Eu sou o que não disse. O que não ousou. O que hesitou no instante em que o tempo esperava uma resposta.
Sou a presença oculta no peito não a ausência, mas o sopro sutil do que poderia ter sido. O encanto pendurado ao lado direito da alma, onde moram os pequenos milagres que se revelam apenas aos atentos. Fui mistério por um tempo. Depois, silêncio. Depois, lamento.
Fui aquele que esperou tanto, que se esqueceu de notar que a espera tinha passado. O tempo havia dado sinais mas, por medo, fechei os olhos. Por medo, não telefonei. Por medo, calei. E esse medo me imobilizou tanto, que acabei por me tornar apenas coadjuvante da história que poderia ter sido nossa.

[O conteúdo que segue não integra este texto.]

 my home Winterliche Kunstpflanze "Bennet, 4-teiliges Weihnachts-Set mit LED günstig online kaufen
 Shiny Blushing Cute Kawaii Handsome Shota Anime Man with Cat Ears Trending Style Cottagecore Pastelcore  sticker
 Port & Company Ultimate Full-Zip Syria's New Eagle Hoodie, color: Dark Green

Fui aquele que machucou sem saber. Aquele que sonhou acordado com uma chance que já estava perdida. Que projetou esperanças no alto e tentou tocá-las com mãos ainda infantis sem perceber que, às vezes, o inalcançável é apenas a memória do que não ousamos realizar.
Fui o homem que silenciou. Que engoliu palavras, poemas, cartas não enviadas, gestos inacabados. Que passou décadas calado, não por falta de voz, mas por excesso de temor. Tive medo dos julgamentos, das opiniões oblíquas de quem não escreve mas julga. De quem não ousa mas zomba.

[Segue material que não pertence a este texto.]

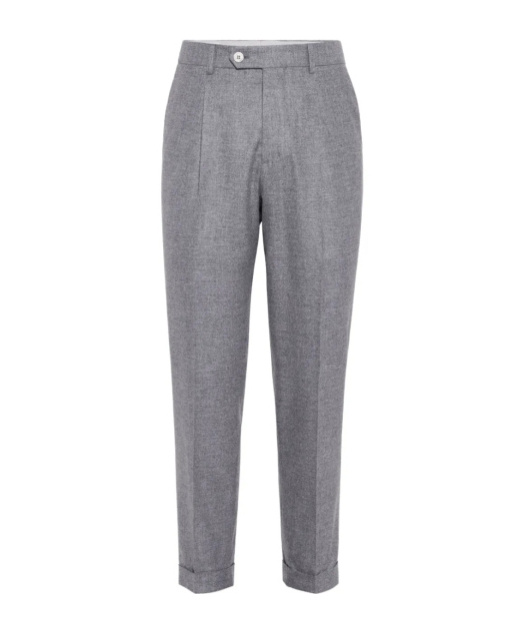 Brunello Cucinelli Timeless Chino Trousers With Pockets In Gray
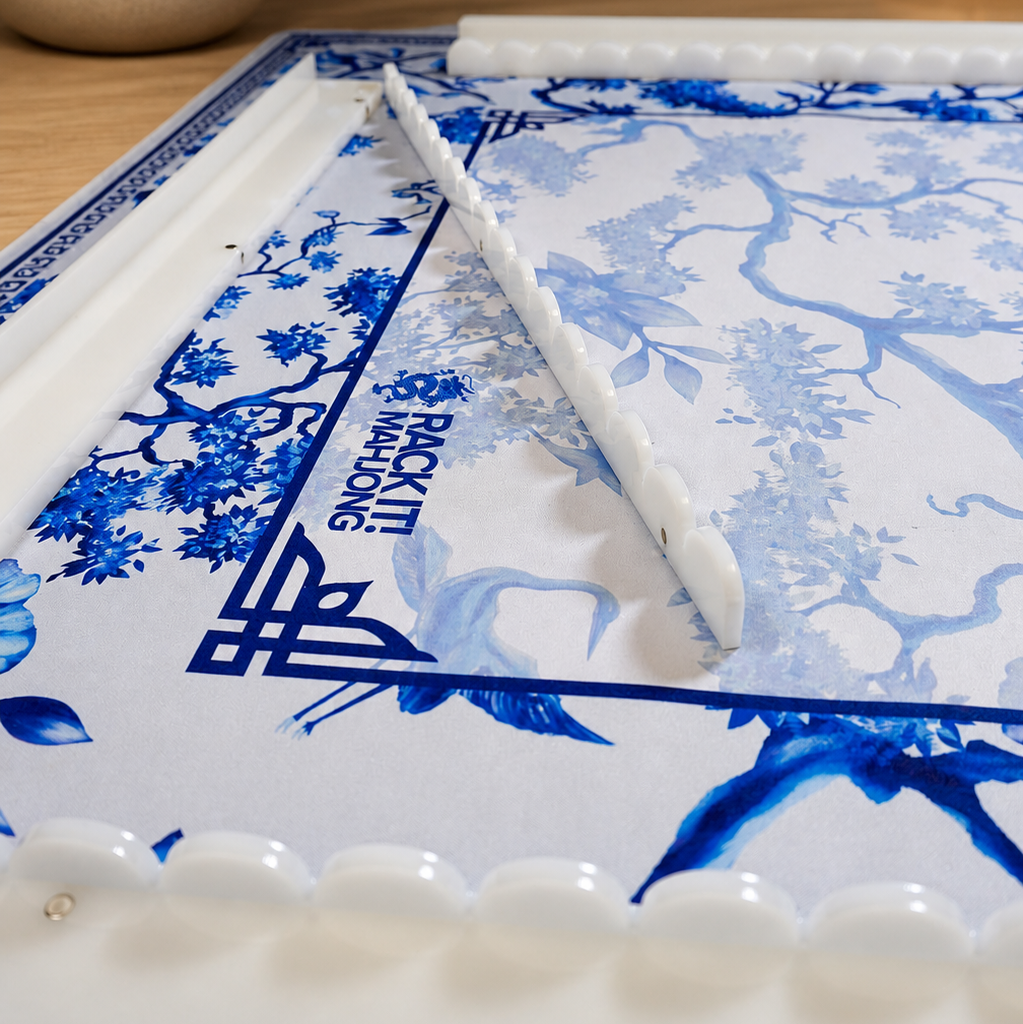 20" White Magnetic Acrylic Mahjong Rack Set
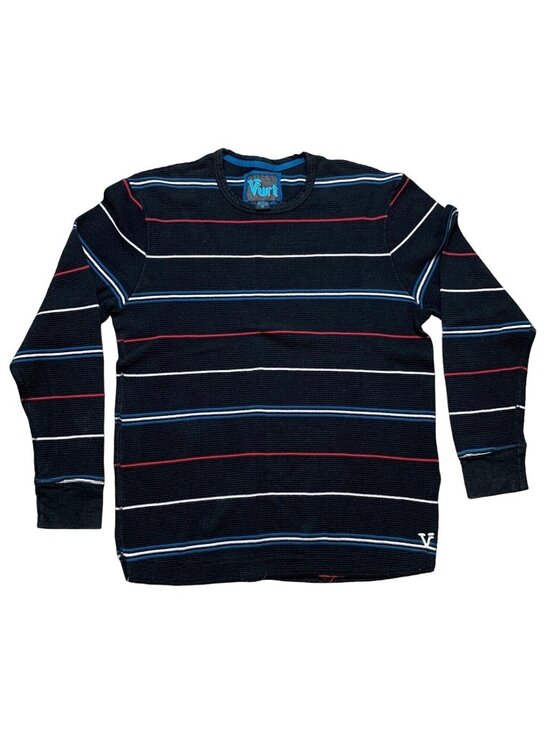 Vurt Other - VURT Knit Sweater Mens Size XL Black Striped Long Sleeve Pullover Crew Neck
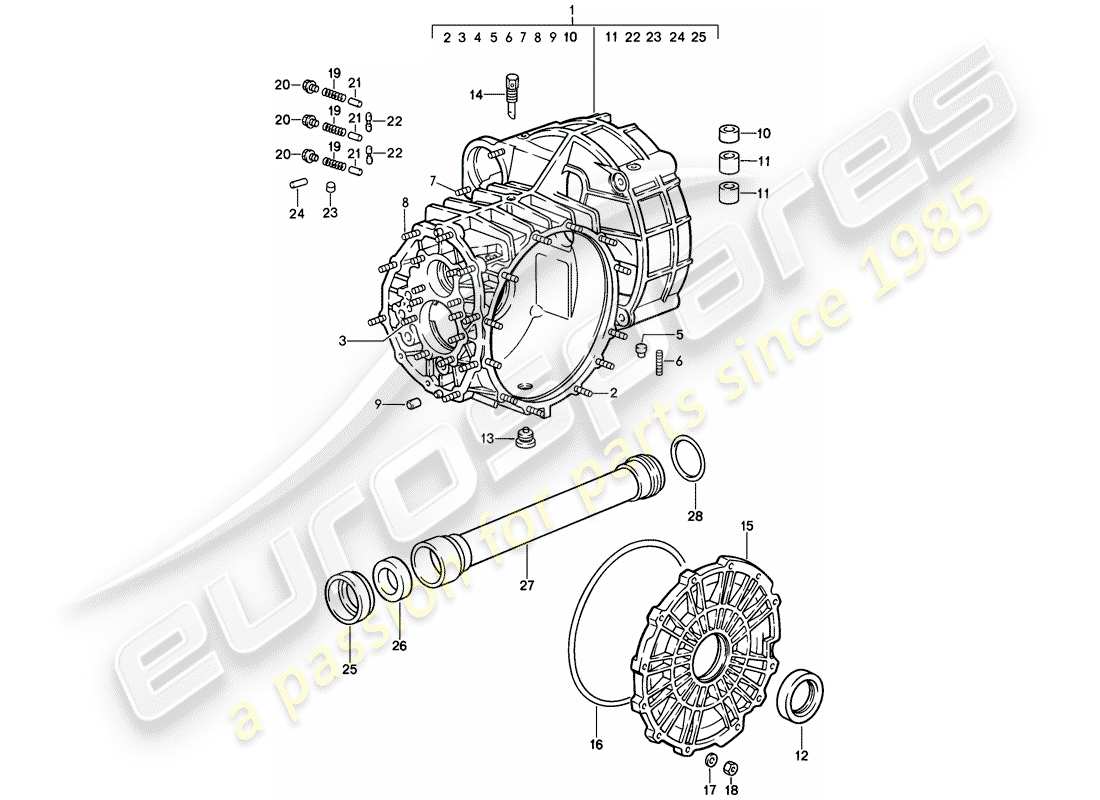 porsche 911 (1987) replacement transmission - transmission case part diagram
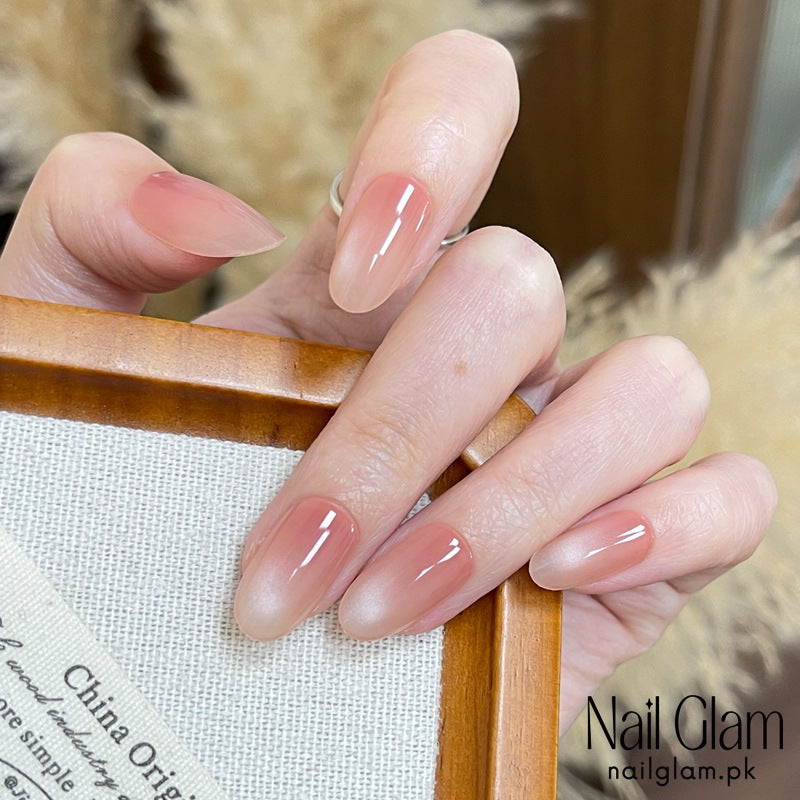 Nail Glam 561 - Soft Nude Cat Eyes (30Pcs) - Application Kit Included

Fui o que lutou contra si. Que empilhou livros, acumulou saberes, planejou o futuro. E viu o tempo passar, o cabelo cair, as forças esgotarem — e o aprendizado nunca florescer como sonhara.
Fui o que teve fome, mas recusou o alimento por medo de não merecê-lo. O que recebeu um presente selado e, por insegurança, não ousou abrir. E viu outra mão retirar o selo do que, um dia, foi preparado para mim.
Sim, fui aquele que nadou em águas que não conhecia. Que correu por estradas que levavam a lugar nenhum. Que dirigiu sem saber o destino. Que patinou em superfícies frágeis, e mesmo assim acreditou que poderia voar.
Fui, sobretudo, aquele que quis negociar com a vida. Que acreditou ser possível ser especial, sem antes aceitar ser apenas humano.
E aqui estou. Um sopro de passado e uma promessa não cumprida. Mas ainda em mim pulsa a fagulha, ainda que tímida de quem pode, um dia, aprender a viver sem medo de viver.